→ Entries provided:
____
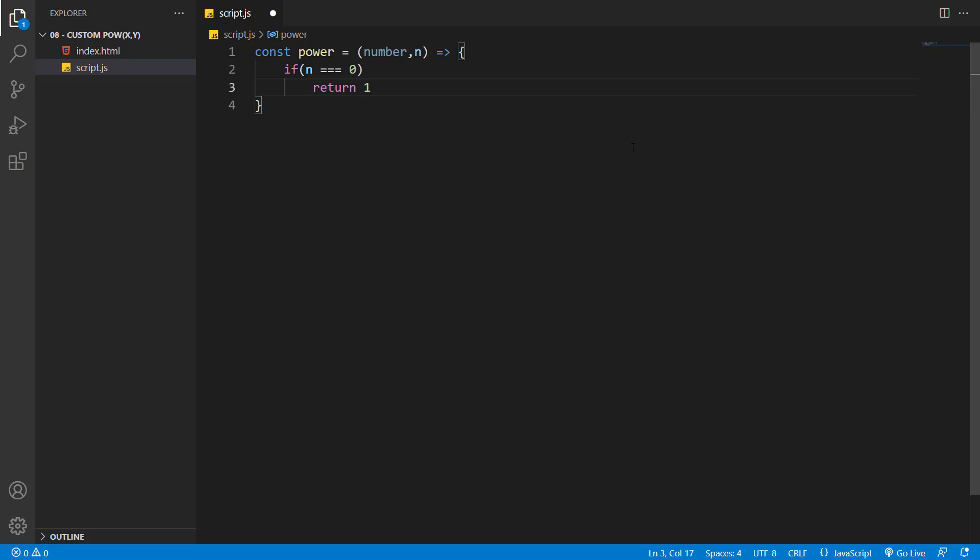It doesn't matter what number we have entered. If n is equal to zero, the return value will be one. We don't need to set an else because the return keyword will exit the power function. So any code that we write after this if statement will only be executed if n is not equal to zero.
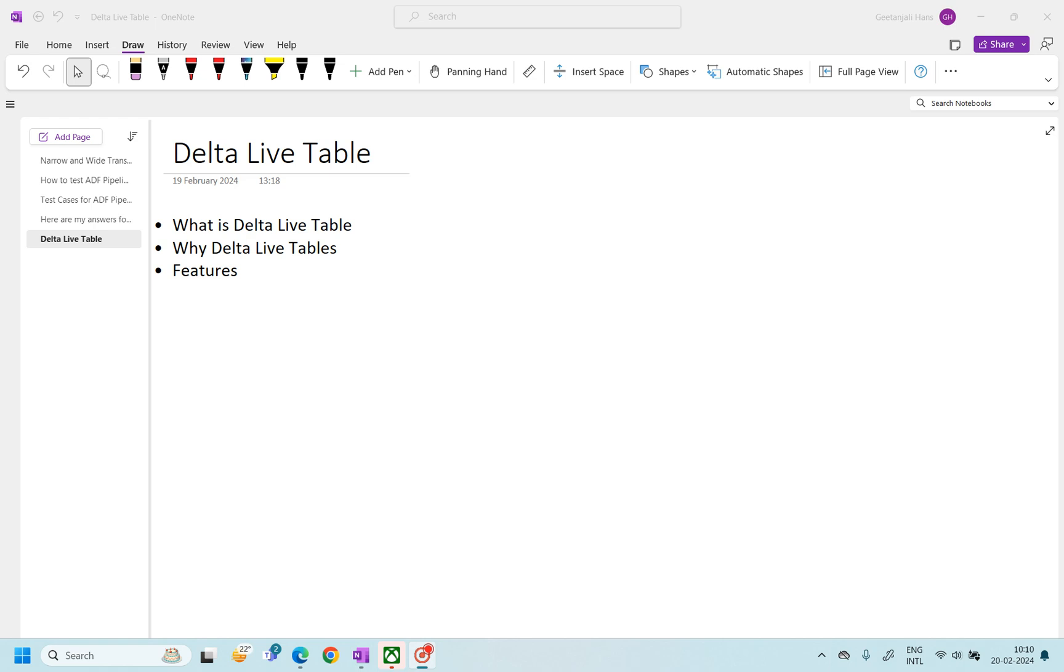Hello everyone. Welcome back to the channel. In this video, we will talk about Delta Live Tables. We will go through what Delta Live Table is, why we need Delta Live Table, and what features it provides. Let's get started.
____
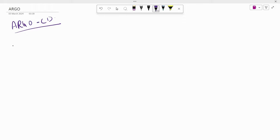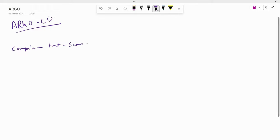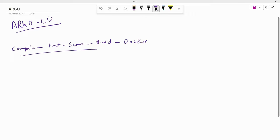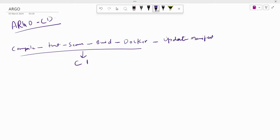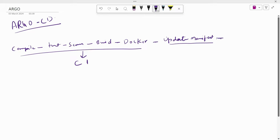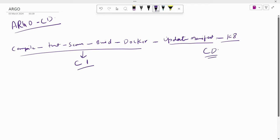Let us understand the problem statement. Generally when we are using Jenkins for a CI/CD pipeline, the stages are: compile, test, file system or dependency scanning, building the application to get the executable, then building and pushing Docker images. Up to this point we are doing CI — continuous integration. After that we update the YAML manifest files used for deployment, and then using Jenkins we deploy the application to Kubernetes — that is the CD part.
____
→ Work task: Starting at the line containing "It doesn't matter" and finishing at the line containing "Hello everyone. Welcome", return those lines exactly as they appear above, without the pictures.

→ Expected answer:
It doesn't matter what number we have entered. If n is equal to zero, the return value will be one. We don't need to set an else because the return keyword will exit the power function. So any code that we write after this if statement will only be executed if n is not equal to zero.
Hello everyone. Welcome back to the channel. In this video, we will talk about Delta Live Tables. We will go through what Delta Live Table is, why we need Delta Live Table, and what features it provides. Let's get started.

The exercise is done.